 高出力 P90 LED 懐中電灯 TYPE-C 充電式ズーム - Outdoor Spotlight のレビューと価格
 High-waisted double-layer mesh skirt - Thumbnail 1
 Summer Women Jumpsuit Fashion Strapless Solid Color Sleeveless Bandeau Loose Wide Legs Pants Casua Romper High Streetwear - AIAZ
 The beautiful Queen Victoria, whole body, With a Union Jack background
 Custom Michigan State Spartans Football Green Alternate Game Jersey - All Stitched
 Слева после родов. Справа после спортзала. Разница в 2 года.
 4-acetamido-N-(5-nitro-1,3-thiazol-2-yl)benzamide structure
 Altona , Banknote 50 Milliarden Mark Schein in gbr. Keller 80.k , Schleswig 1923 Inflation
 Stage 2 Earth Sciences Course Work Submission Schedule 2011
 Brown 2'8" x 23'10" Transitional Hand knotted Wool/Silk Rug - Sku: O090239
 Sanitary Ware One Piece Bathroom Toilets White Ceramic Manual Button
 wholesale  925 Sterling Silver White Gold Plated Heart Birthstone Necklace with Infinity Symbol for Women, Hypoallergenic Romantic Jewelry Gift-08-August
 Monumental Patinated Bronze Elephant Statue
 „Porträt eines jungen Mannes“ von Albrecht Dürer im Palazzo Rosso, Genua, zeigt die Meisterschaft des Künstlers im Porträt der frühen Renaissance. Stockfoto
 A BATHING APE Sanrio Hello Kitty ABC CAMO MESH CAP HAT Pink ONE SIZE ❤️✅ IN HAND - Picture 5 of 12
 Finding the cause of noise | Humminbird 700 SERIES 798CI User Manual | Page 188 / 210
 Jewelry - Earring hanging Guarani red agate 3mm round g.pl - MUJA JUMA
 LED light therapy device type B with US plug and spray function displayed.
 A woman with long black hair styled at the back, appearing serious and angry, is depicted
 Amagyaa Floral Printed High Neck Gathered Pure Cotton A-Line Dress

## PROBLEM DETAILS
What is needed is an exact copy of the entries above, from the first line through the line holding "Custom Michigan State", with both of those lines kept; please give nothing else.

## WRITTEN RESPONSE
 高出力 P90 LED 懐中電灯 TYPE-C 充電式ズーム - Outdoor Spotlight のレビューと価格
 High-waisted double-layer mesh skirt - Thumbnail 1
 Summer Women Jumpsuit Fashion Strapless Solid Color Sleeveless Bandeau Loose Wide Legs Pants Casua Romper High Streetwear - AIAZ
 The beautiful Queen Victoria, whole body, With a Union Jack background
 Custom Michigan State Spartans Football Green Alternate Game Jersey - All Stitched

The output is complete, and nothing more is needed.